For five months, America has led the world by far in sheer numbers of confirmed infections — nearly 6.9 million as of Tuesday — and deaths. The U.S. has less than five percent of the globe’s population but more than 20 percent of the reported deaths.
For the U.S., it wasn’t supposed to go this way.
Sandy Brown of Grand Blanc, Michigan, called the death toll “gut-wrenching.” Her husband of 35 years and their 20-year-old son — Freddie Lee Brown Jr. and Freddie Lee Brown III — died of COVID-19 just days apart in March, when there were fewer than 4,000 recorded deaths in the U.S.
“The thing that really gets to me is … if things had been done properly, we could have put a lid on this,” said Brown, who has no other children. “Now it’s just unbelievable. It’s devastating.”

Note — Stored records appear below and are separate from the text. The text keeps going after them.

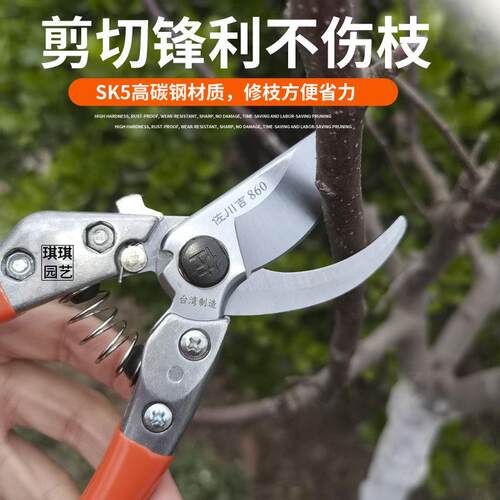 台湾佐川吉新款860园艺剪刀手剪园林修枝剪果树剪整枝采果剪花剪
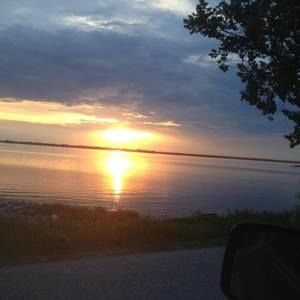 Meet your Posher, Terry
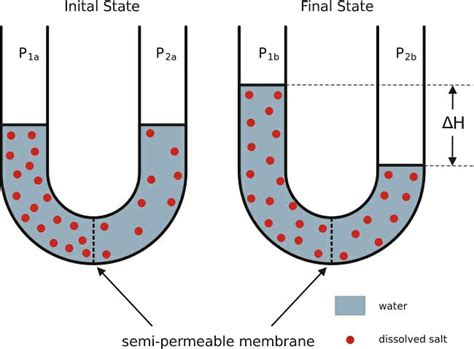 Semipermeable Membrane: Definition & Examples | Biology Dictionary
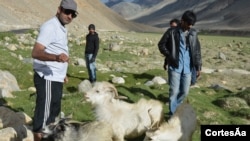 Pashiman goats in Leh. (Shafkat Masoodi)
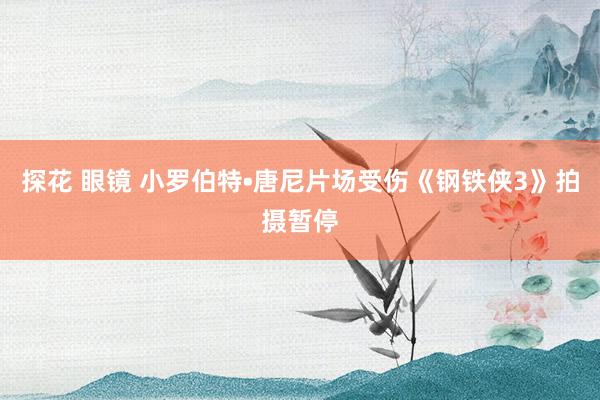 探花 眼镜 小罗伯特•唐尼片场受伤《钢铁侠3》拍摄暂停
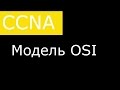 Модель OSI. Инкапсуляция. Сетевые стандарты.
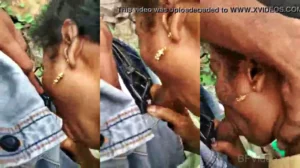 Telegu Lovers Blowjob Outdoors MMS Video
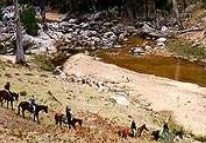 Megalong Valley Farm - Phillip Island Accommodation 3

The real number of dead from the crisis could be significantly higher: As many as 215,000 more people than usual died in the U.S. from all causes during the first seven months of 2020, according to CDC figures. The death toll from COVID-19 during the same period was put at about 150,000 by Johns Hopkins.
Researchers suspect some coronavirus deaths were overlooked, while other deaths may have been caused indirectly by the crisis, by creating such turmoil that people with chronic conditions such as diabetes or heart disease were unable or unwilling to get treatment.
Dr. Cedric Dark, an emergency physician at Baylor University of Medicine in Houston, said that before the crisis, “people used to look to the United States with a degree of reverence. For democracy. For our moral leadership in the world. Supporting science and using technology to travel to the moon.”
“Instead,” he said, “what’s really been exposed is how anti-science we’ve become.”